I thought about making it more one-value-per-attribute, by considering
each tuple (encoding,version) a different object.  So the structure
would look like:

/sys/fs/unicode/utf-8/<version>/

But it felt completely over-engineered, considering we don't support
anything other than utf-8, and I don't see versions having specific
attributes.  But maybe this way is more future-proof.


>
>> +	return n;
>> +}
>> +
>> +#define UCD_ATTR(x) \
>> +	static struct kobj_attribute x ## _attr = __ATTR_RO(x)
>> +
>> +UCD_ATTR(latest);
>> +UCD_ATTR(encodings);
>> +
>> +static struct attribute *ucd_attrs[] = {
>> +	&latest_attr.attr,
>> +	&encodings_attr.attr,
>> +	NULL,
>> +};
>> +static const struct attribute_group ucd_attr_group = {
>> +	.attrs = ucd_attrs,
>> +};
>> +static struct kobject *ucd_root;
>> +
>> +static int __init ucd_init(void)
>> +{
>> +	int ret;
>> +
>> +	ucd_root = kobject_create_and_add("unicode", fs_kobj);
>> +	if (!ucd_root)
>> +		return -ENOMEM;
>> +
>> +	ret = sysfs_create_group(ucd_root, &ucd_attr_group);
>> +	if (ret) {
>> +		kobject_put(ucd_root);
>> +		ucd_root = NULL;
>> +		return ret;
>> +	}
>> +
>> +	return 0;
>> +}
>> +
>> +static void __exit ucd_exit(void)
>> +{
>> +	kobject_put(ucd_root);
>> +}
>> +
>> +module_init(ucd_init);
>
> This code is not a module, so how about fs_initcall?

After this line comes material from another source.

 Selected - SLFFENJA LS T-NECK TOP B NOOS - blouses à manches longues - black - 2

Right.  for the record, I'm planing to make part of it build as a module
in a future patch to reduce the large footprint of the decoding table on
systems that don't care about it.  Will fix on v3.


>
>> +module_exit(ucd_exit)
>> +
>
> I can be wrong, but I see no way to remove it :-)
>
> Thanks,
> Ezequiel

-- 
Gabriel Krisman Bertazi